В конце концов разум подсказал, что стоять так у дороги чревато неприятностями. Зато я решил для себя сразу две проблемы – окончательно убедился, что провалился сквозь время в прошлое, и нашел себе одежду, которая соответствует времени, в которое попал. Поэтому, подавив в себе вспыхнувшую ненависть к немцам и брезгливость от предстоящего, я принялся подыскивать себе подходящую одежду.

Конечно, гораздо лучше было бы обзавестись гражданской одеждой. Но выбирать не приходилось. Да и человек, одетый в форму Красной армии, вызовет гораздо меньше подозрений, чем чужак в штатском. Я ведь совсем не местный ни по пространственным, ни по временным критериям, и объяснить, кто, откуда и что я здесь делаю, будет сложно. А так – если я прав и это действительно 1941 год, то окруженцев в здешних лесах должно быть много. Проблемы от такой одежды могли исходить только от немцев, а с ними я в любом случае не собирался иметь никаких дел. Хотя, может, я все же в тылу наших войск? Тогда вполне могу попасть под дезертирство. А в своей одежде из будущего куда я попаду? Причем при встрече с любой из воюющих сторон? Нет, надо переодеваться.

Пуля попала водителю в правую скулу, и, судя по всему, перед этим ее замедлило лобовое стекло. Так что она осталась в голове бедняги и не снесла ему на выходе всю заднюю часть черепа. Иначе я, наверное, не смог бы. И так тащить труп жутко противно. Но если бы за этим трупом по дороге волочились еще остатки мозгов – думаю, этого не выдержали бы ни мои, закаленные на ужастиках, играх с горами трупов и так далее нервы, ни мой и так еле сдерживаемый только усилием воли желудок.
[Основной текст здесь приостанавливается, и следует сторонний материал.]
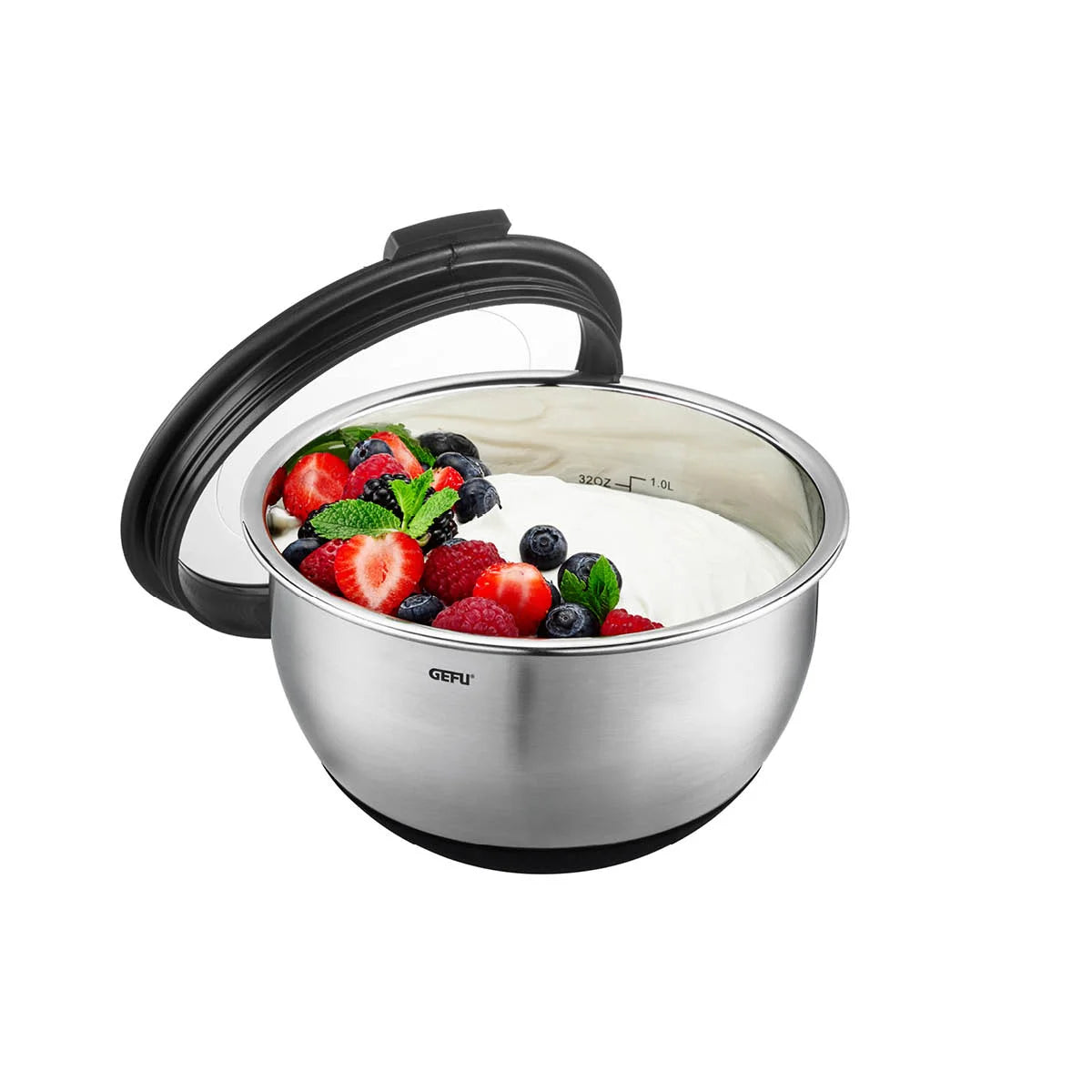 Gefu Ciotola Salvafreschezza inox con coperchio MUOVO Ø 16 cm 35030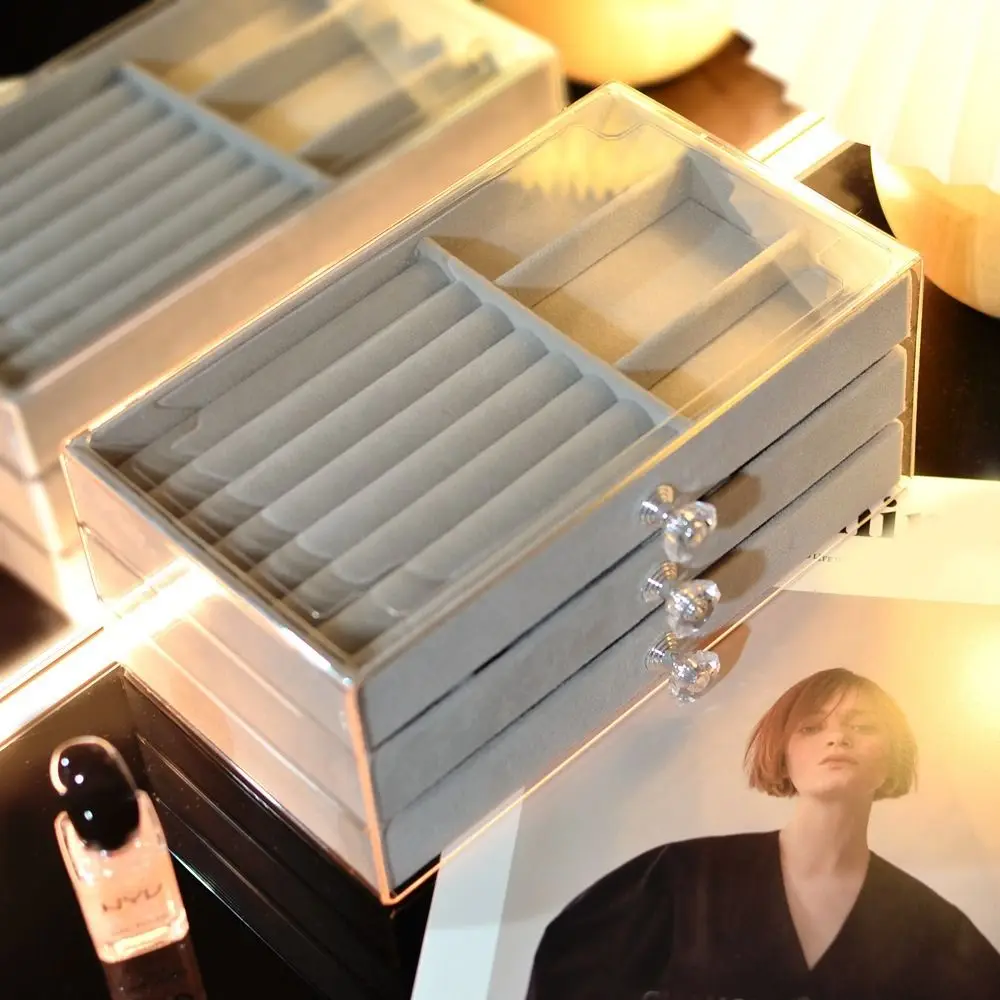 

3-уровневая шкатулка для хранения ювелирных изделий, пыленепроницаемая квадратная фланелевая шкатулка для драгоценностей, прозрачная пластиковая шкатулка для хранения ювелирных изделий с тремя ящиками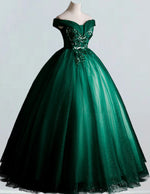 Off-Shoulder Green Tulle Prom Dress | Lace Applique Fairy Ball Gown for Women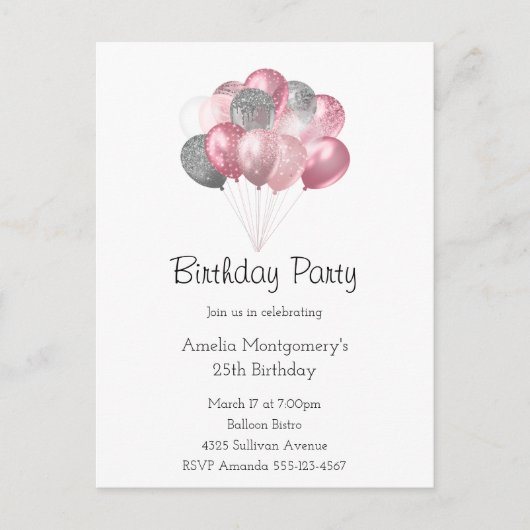 Glitter Balloon Bunch Roze en Zilveren Verjaardag Briefkaart (Voorkant)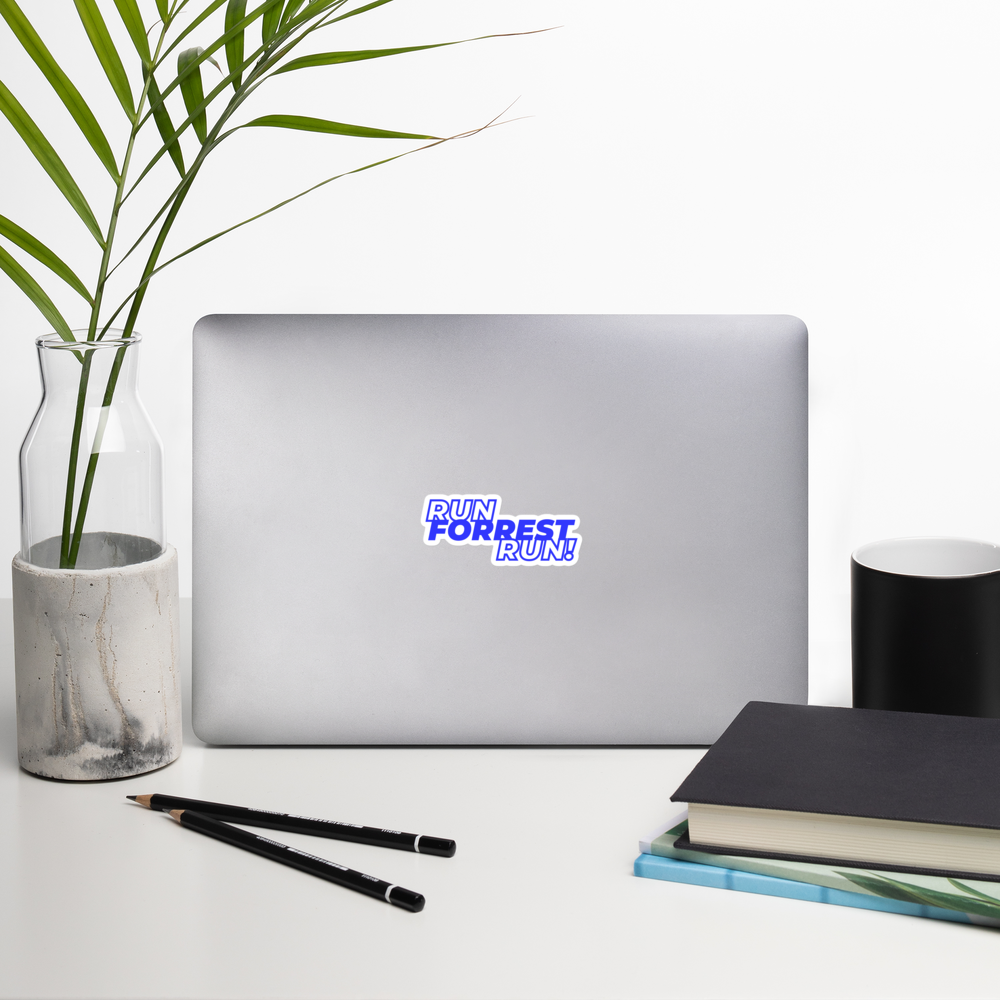 Second lifestyle shot of the 4x4 inch RUN FORREST RUN! sticker in use, Forrest for Alabama District 21 campaign merch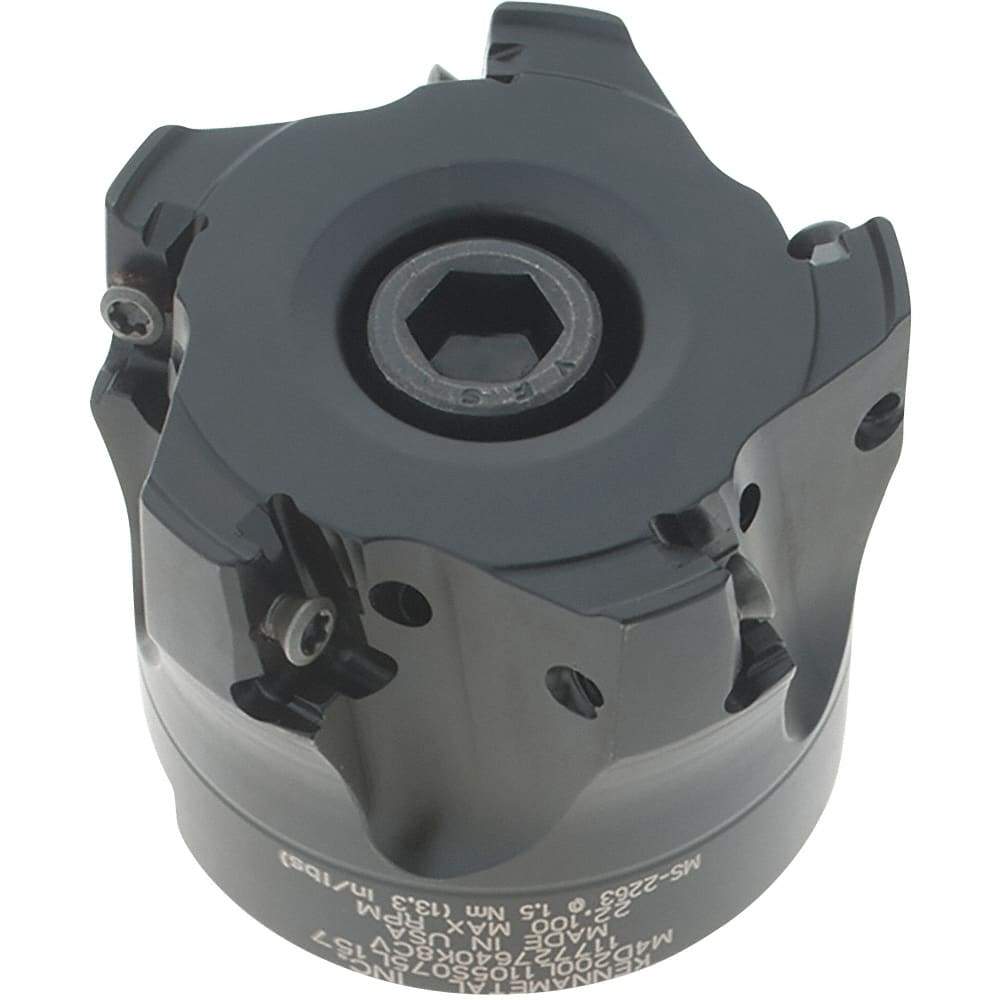 Kennametal - 5 Inserts, 2" Cut Diam, 3/4" Arbor Diam, 11mm Max Depth of Cut, Indexable Square-Shoulder Face Mill - 0° Lead Angle, 40mm High, LNGU110408SRGE Insert Compatibility, Through Coolant, Series Mill 4-11 - Eagle Tool & Supply
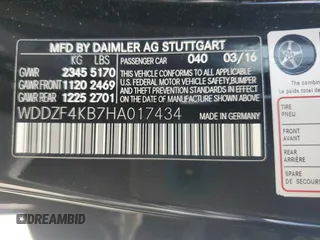 2017 Mercedes-Benz E 300 Luxury with VIN WDDZF4KB7HA017434, listed as a Copart auction lot 58845495 with 73,971 mi miles and Salvage title. Bid and sale history available at DreamBid. Image 12.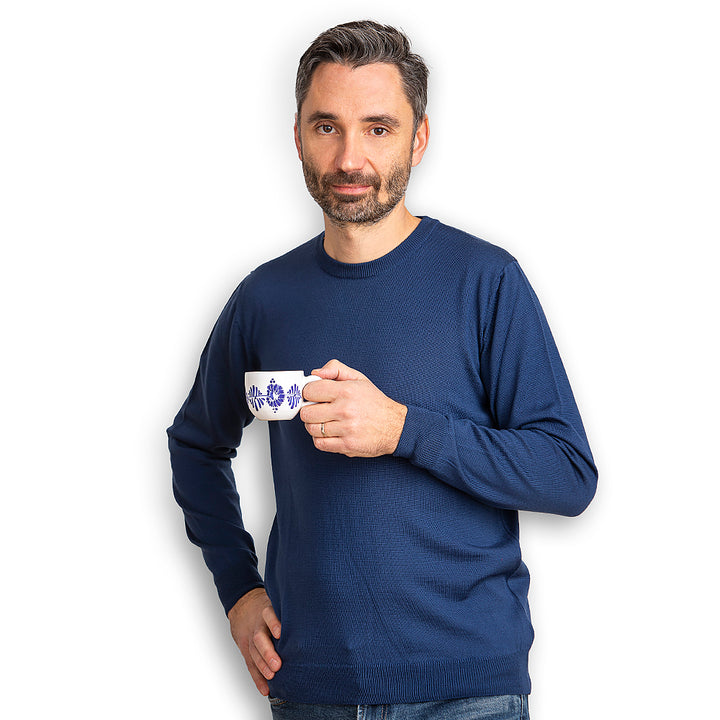 Ανδρικό μάλλινο πουλόβερ Merino V-neck - μπλε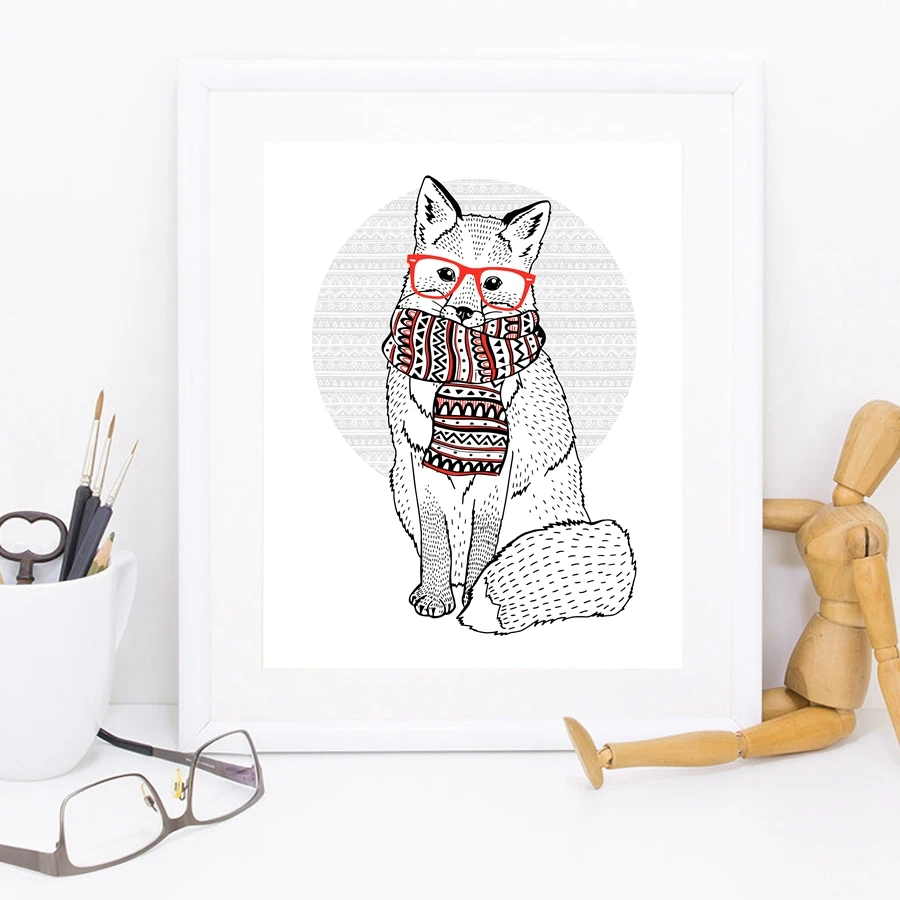 Плакат в хипстерских очках и шарфе с изображением зимней лисы картина рисунком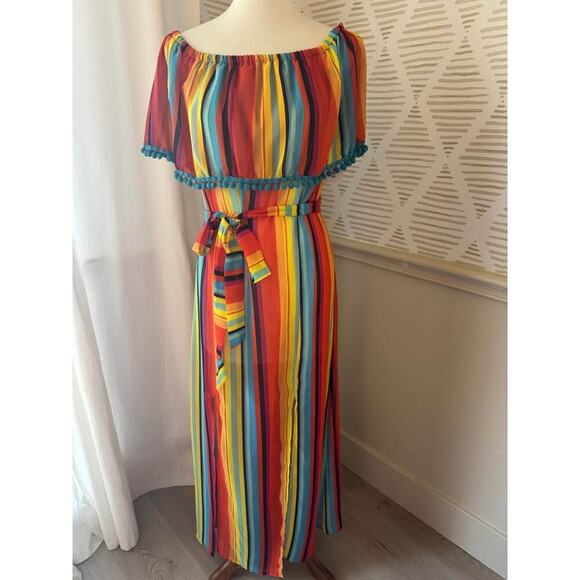 NWT Palms Away Women’s Small Rainbow Stripe and Pom Tassel Off Maxi Dress - Picture 1 of 6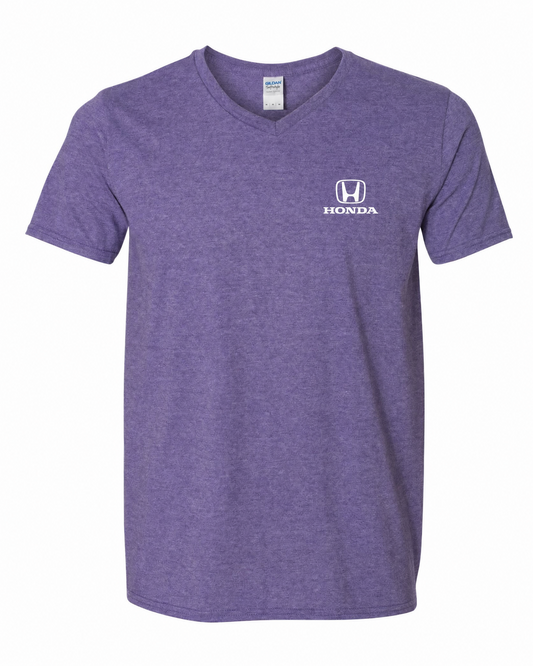 Honda Racing Logo Vneck Tee Heather Purple //speedgear.com/cdn/shop/files/HM6150-gildan64V00-S_HeatherPurple-tee.png?v=1786637930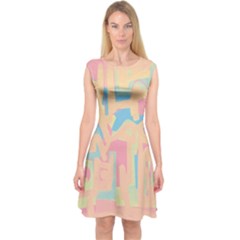 Abstract art Capsleeve Midi Dress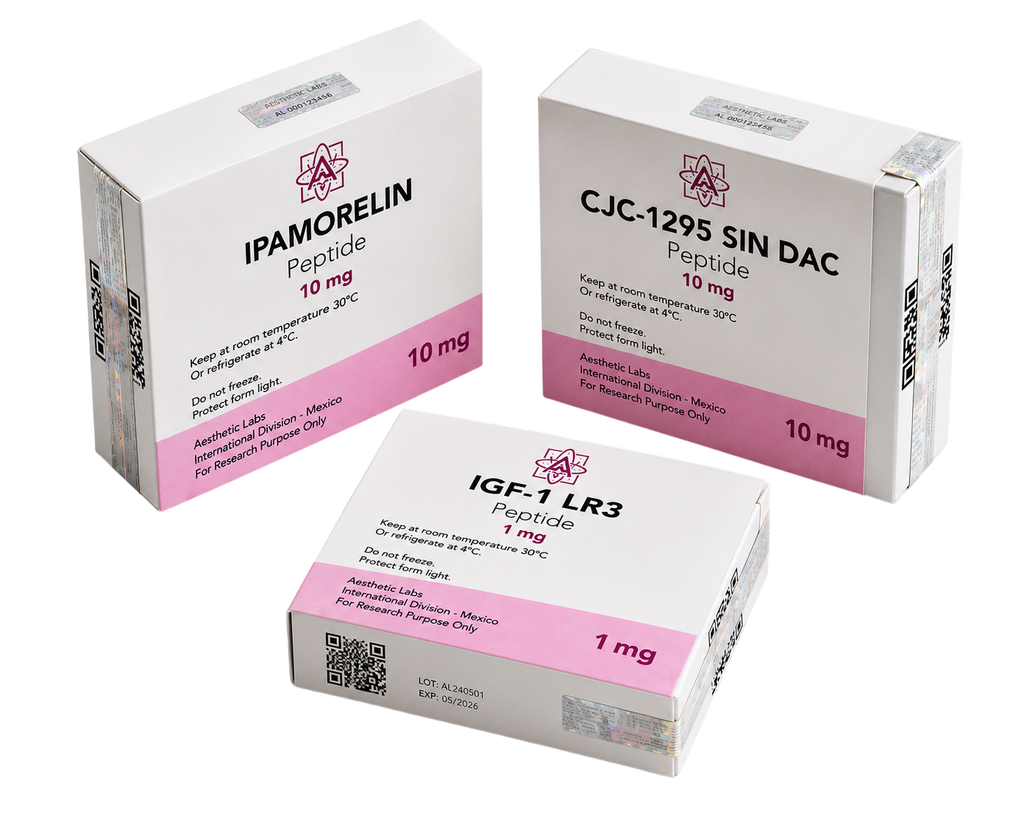 Protocolo Peptidos Masa Muscular Maxima IGF1-LR3 +CJC-1295 Sin Dac + Ipamorelin Aesthetic Labs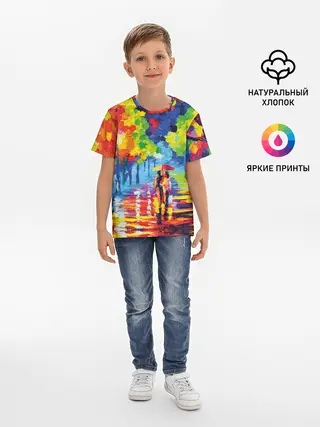 Детская базовая футболка / Осенний бульвар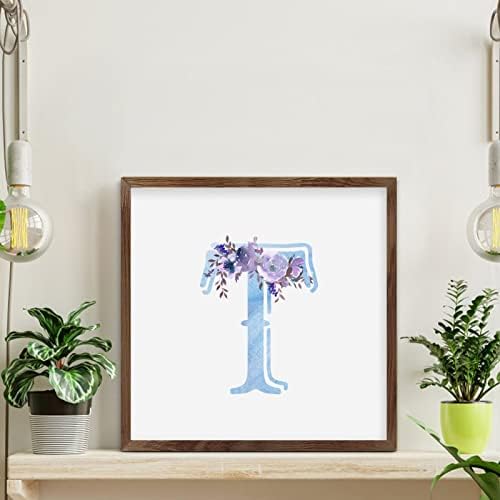 Inspirational Framed Wall Art Sign with Initial Letter T
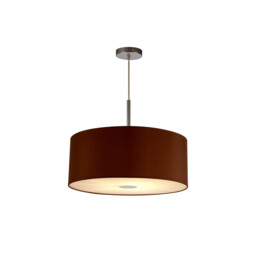Baymont Polished Chrome E27 Single Pendant With 50cm x 20cm Dual Faux Silk Shade, Raw Cocoa/Grecian Bronze - thumbnail 5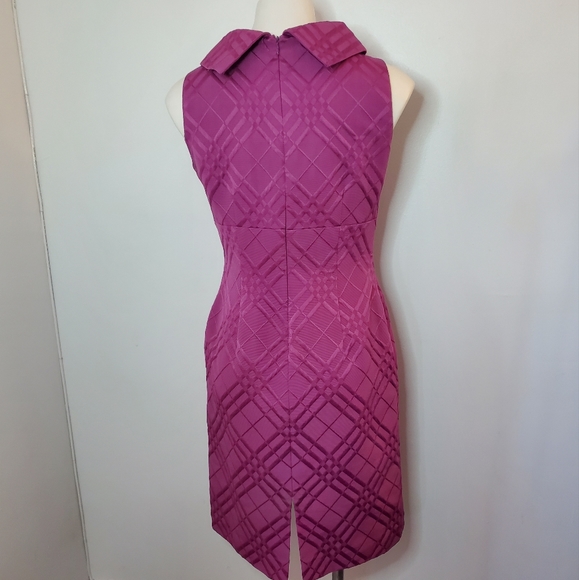 Tahari ASL Envelope Collar Jacquard Sheath Dress Raspberry 6 - Picture 5 of 5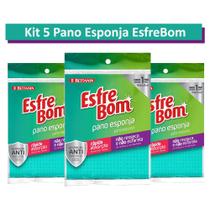 Kit 5 Pano Esponja Rápida Absorção Muito Flexível Esfrebom Kit 5 Pano Esponja Rápida Absorção Muito Flexível Esfrebom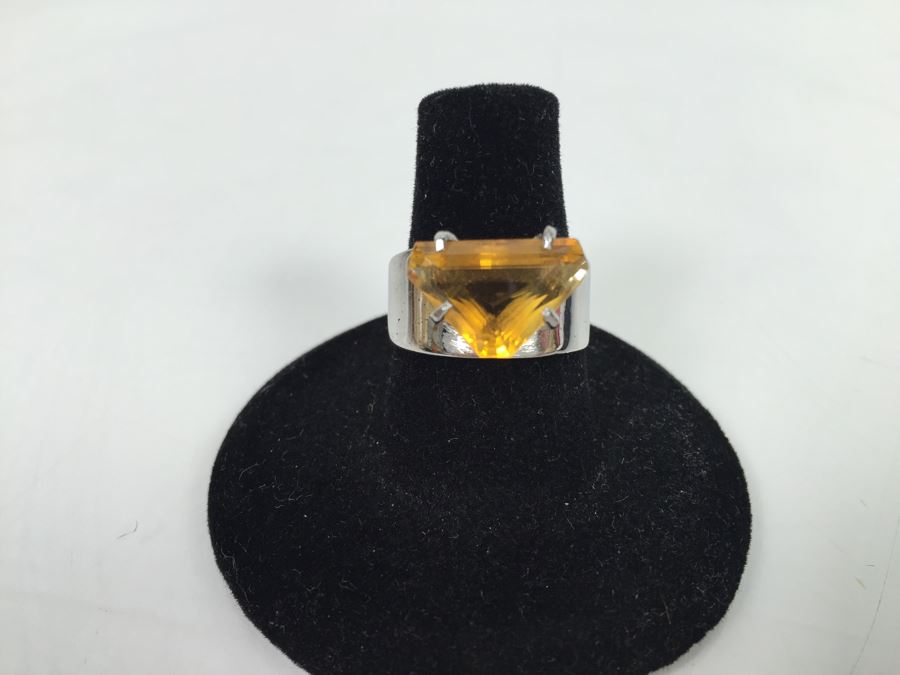 Sterling Silver Natural Citrine Fantasy Cut Ring 14.7 X 9.5 X 6.3MM Apx 4.16 Carats Ring Size 7.25 4.5g [Photo 3]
И, слава богу, запах пока был не особенно сильным. Или я его просто не чувствовал?

Затащив труп за ближайшие кусты, я занялся делом. В первую очередь мне нужна была одежда. Я стянул с ног бойца сапоги, расстегнул ворот гимнастерки, снял ремень с подсумками и стащил гимнастерку через голову. Потом снял с него штаны. Снимать нижнее белье не стал. Поверьте, и так надевать вещи с трупа очень неприятно. А при мысли о том, чтобы снять и надеть на себя подштанники мертвеца, успокоившийся было желудок снова взбунтовался. Ну уж нет! Хватит и верхней одежды. «Извини, брат, — думал я, — но мне твои вещи сейчас нужнее. Так что извини. И спасибо».